多分あと3分後にはドアの外にいる誰かが部屋に入って来て私達を撃ち殺す。…妹達と一緒に逃げても3分じゃ足りない。逃げきれずに殺されるだけ。…なら。

「おねぇ…ちゃん??」

幼い妹達あ恐怖に満ちた表情で私を見つめた。…私は部屋の中にある1m程上にある窓に手を掛けた。…逃げられるような場所はここしかない。

「おねえちゃん??」
「おい!!居るんだろう!!大人しく出てこい!!」

色々な声や音が脳内に流れてきて腕に力が入らない。

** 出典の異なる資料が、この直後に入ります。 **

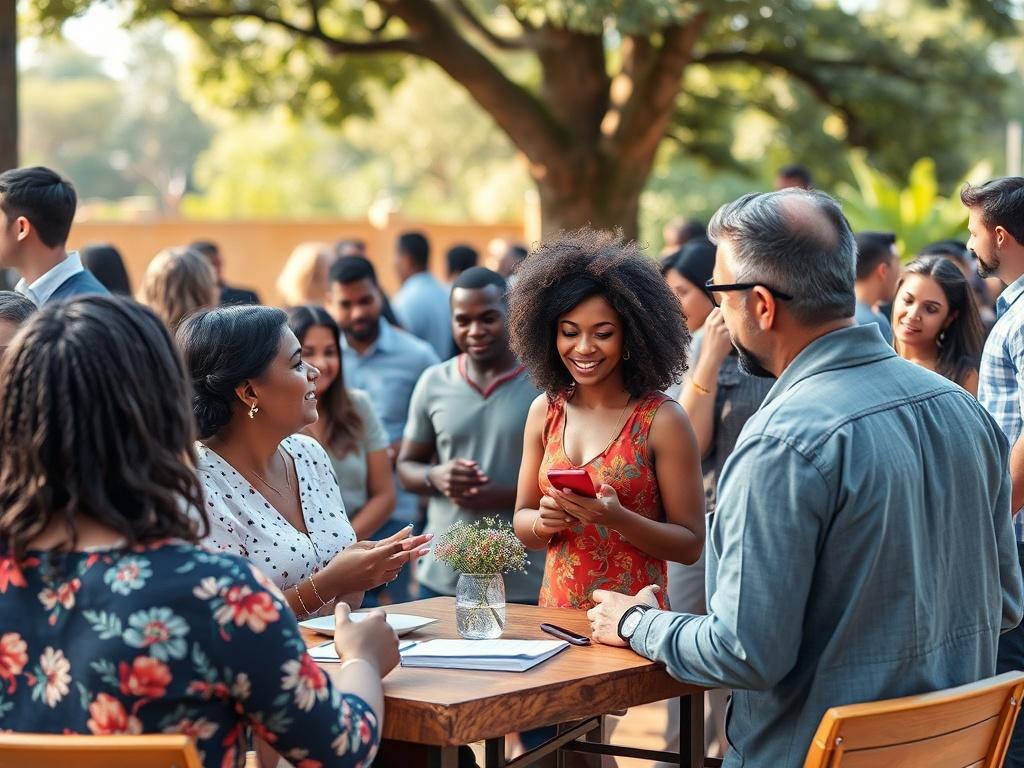 A vibrant community meeting in an outdoor setting, with diverse participants discussing ideas and sharing feedback. The atmosphere should be lively and inclusive, with people smiling and actively engaging in conversation, surrounded by nature.
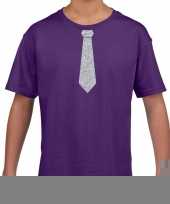 Goedkope paars t-shirt met zilveren stropdas voor kinderen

…どうすればいいの??

「おねぇちゃん!!!!!」

妹達がそう大きな声で叫んだのと家のドアが壊れたのは同時だったと思う。…それと私が窓の上に這い上がり外に脱出したのも。

「いやあぁああぁぁぁぁっ!!!!」
「おい!!他に誰か居ないか家の中探れ!!!」

ドアの外にいた『誰か』の声と妹達の悲鳴が協和する。そして、銃声が鳴り響いた瞬間、先程まで鬱陶しいと思えていた叫び声がピタリと止んだ。

4月8日午前9時28分…この日のこの時間が…妹達の命日となった。